> THE PROBLEM
Each line from the one with "Estonian Statistics on Medicines 2014" through the last line of the records must be output exactly, both ends included.

> DATA

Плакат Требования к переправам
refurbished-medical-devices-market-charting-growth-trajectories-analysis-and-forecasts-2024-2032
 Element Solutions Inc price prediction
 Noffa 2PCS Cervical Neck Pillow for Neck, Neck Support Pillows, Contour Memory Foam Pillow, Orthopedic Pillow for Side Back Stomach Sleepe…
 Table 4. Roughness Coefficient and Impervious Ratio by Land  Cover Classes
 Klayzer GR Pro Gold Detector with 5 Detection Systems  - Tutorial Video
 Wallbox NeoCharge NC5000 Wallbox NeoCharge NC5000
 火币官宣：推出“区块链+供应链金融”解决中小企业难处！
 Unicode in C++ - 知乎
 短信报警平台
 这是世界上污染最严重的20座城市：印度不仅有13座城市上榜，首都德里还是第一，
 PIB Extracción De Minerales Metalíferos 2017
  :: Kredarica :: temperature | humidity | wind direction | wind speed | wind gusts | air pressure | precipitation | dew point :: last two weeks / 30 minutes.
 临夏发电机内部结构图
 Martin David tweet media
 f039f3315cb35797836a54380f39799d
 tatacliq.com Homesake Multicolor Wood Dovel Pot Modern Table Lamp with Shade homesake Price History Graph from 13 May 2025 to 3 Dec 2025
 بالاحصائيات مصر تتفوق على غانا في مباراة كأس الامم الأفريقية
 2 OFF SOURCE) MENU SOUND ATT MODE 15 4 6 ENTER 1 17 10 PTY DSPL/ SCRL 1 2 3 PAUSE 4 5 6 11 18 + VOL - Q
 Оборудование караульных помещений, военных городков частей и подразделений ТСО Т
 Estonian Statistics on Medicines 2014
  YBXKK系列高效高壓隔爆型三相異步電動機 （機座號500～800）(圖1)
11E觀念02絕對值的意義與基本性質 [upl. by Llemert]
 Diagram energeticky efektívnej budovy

> WRITTEN SOLUTION
 Estonian Statistics on Medicines 2014
  YBXKK系列高效高壓隔爆型三相異步電動機 （機座號500～800）(圖1)
11E觀念02絕對值的意義與基本性質 [upl. by Llemert]
 Diagram energeticky efektívnej budovy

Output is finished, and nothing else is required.